Chlorophyll b
- Names: IUPAC name Chlorophyll b

Identifiers
- CAS Number: 519-62-0;
- 3D model (JSmol): Interactive image;
- ChemSpider: 16739843;
- ECHA InfoCard: 100.007.522
- EC Number: 208-272-4;
- E number: E140 (colours)
- PubChem CID: 6450186; 11593175 (from spinach);
- UNII: 5712ZB110R;
- CompTox Dashboard (EPA): DTXSID70889349 ;

Properties
- Chemical formula: C_{55}H_{70}MgN_{4}O_{6}
- Molar mass: 907.492 g·mol^{−1}
- Appearance: Green
- Odor: Odorless
- Melting point: ~ 125 °C (257 °F; 398 K)
- Solubility in water: Insoluble
- Solubility: Very soluble in ethanol, ether, pyridine Soluble in methanol
- Absorbance: See text

= Chlorophyll b =

The absorption spectrum of both the chlorophyll a and the chlorophyll b pigments. The use of both together enhances the size of the absorption of light for producing energy.

Chlorophyll b is a form of chlorophyll. Chlorophyll b helps in photosynthesis by absorbing light energy. It is more soluble than chlorophyll a in polar solvents because of its extra carbonyl group. Its color is green, and it primarily absorbs blue light.

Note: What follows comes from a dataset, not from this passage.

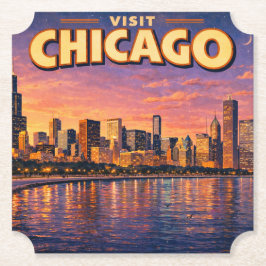 Chicago silhouet en Lake Michigan 's avonds Kartonnen Onderzetters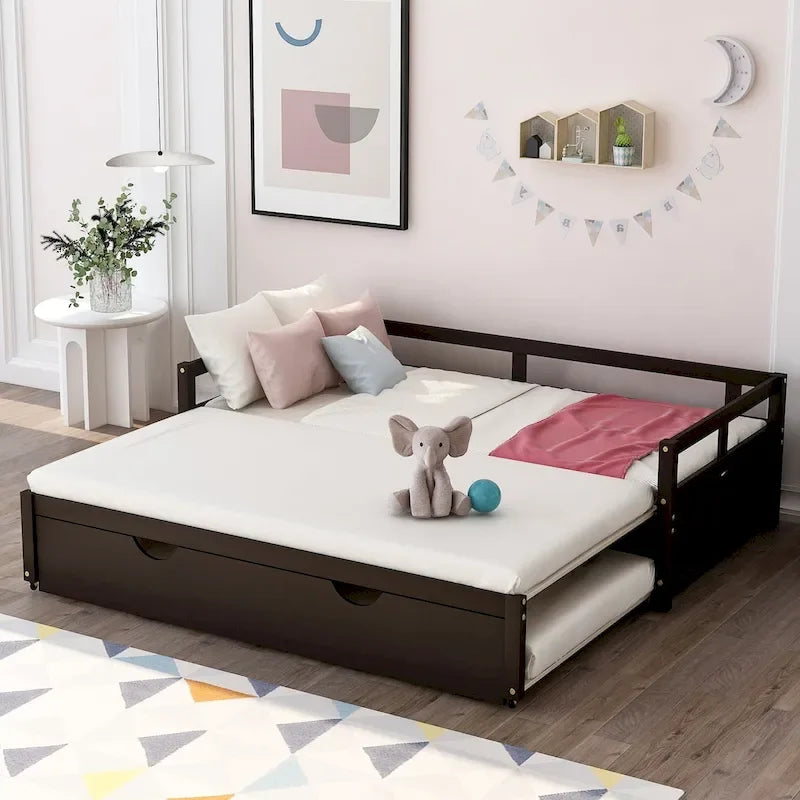 Ausziehbares Tagesbett mit Ausziehfunktion, Holztagesbett mit Ausziehfunktion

In land plants, the light-harvesting antennae around photosystem II contain the majority of chlorophyll b. Hence, in shade-adapted chloroplasts, which have an increased ratio of photosystem II to photosystem I, there is a higher ratio of chlorophyll b to chlorophyll a. This is adaptive, as increasing chlorophyll b increases the range of wavelengths absorbed by the shade chloroplasts.

| Structure of chlorophyll b molecule showing the long hydrocarbon tail |

==Biosynthesis==

The Chlorophyll b biosynthetic pathway utilizes a variety of enzymes. In most plants, chlorophyll is derived from glutamate and is synthesised along a branched pathway that is shared with heme and siroheme.
The initial steps incorporate glutamic acid into 5-aminolevulinic acid (ALA); two molecules of ALA are then reduced to porphobilinogen (PBG), and four molecules of PBG are coupled, forming protoporphyrin IX.

Chlorophyll synthase is the enzyme that completes the biosynthesis of chlorophyll b by catalysing the reaction
chlorophyllide b + phytyl diphosphate $\rightleftharpoons$ chlorophyll b + diphosphate
This forms an ester of the carboxylic acid group in chlorophyllide b with the 20-carbon diterpene alcohol phytol.